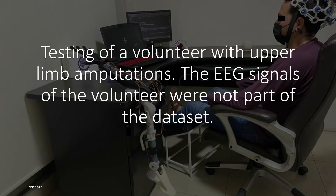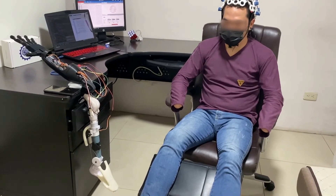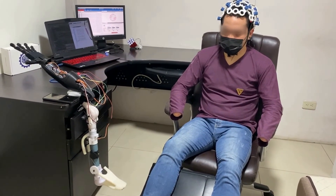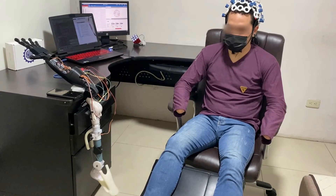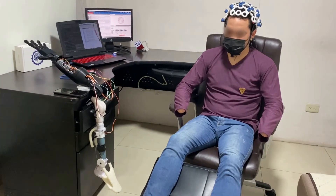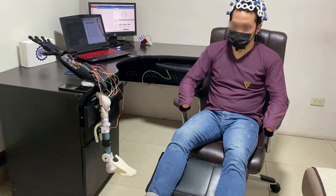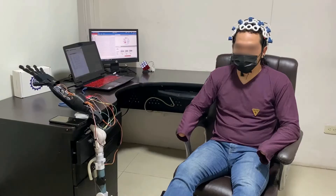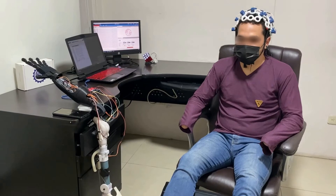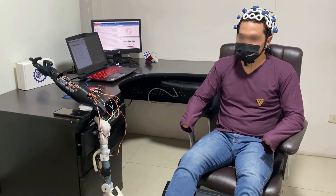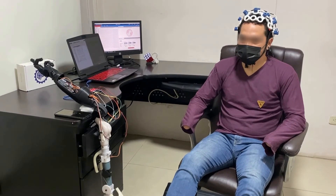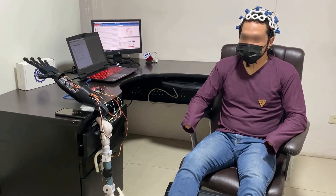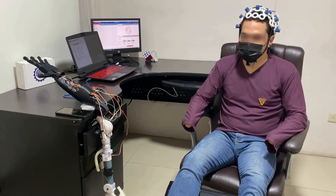Now we will do the test with a volunteer who did not participate in the data recording, meaning the classifier was not trained with this subject's data. The subject imagines moving the foot up, then lowering the foot. The test subject has an upper limb amputation. The subject imagines closing the hand. It is important to note that this subject has experience using active prosthetic control with electromyography signals.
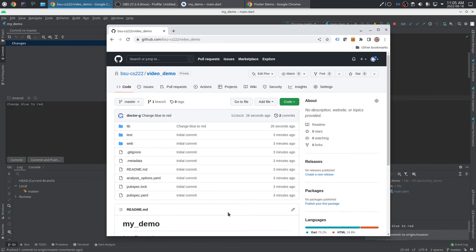So hopefully that's enough to get you up and running with Android Studio, Flutter, Git, and GitHub. Happy programming.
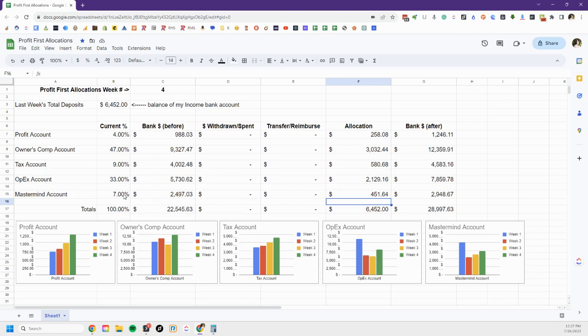And then my mastermind account, which again that's my cost, I have one mastermind group that's part of Profit First Professionals. I'm in the mastery level and so the mastermind account is where I budget for the cost to be part of the group plus my travel costs for our twice a year in person meetings.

> [What you will do]
Give the material again exactly as it is, but keep the pictures out.

> [Solution to this problem]
Now we will do the test with a volunteer who did not participate in the data recording, meaning the classifier was not trained with this subject's data. The subject imagines moving the foot up, then lowering the foot. The test subject has an upper limb amputation. The subject imagines closing the hand. It is important to note that this subject has experience using active prosthetic control with electromyography signals.
So hopefully that's enough to get you up and running with Android Studio, Flutter, Git, and GitHub. Happy programming.
And then my mastermind account, which again that's my cost, I have one mastermind group that's part of Profit First Professionals. I'm in the mastery level and so the mastermind account is where I budget for the cost to be part of the group plus my travel costs for our twice a year in person meetings.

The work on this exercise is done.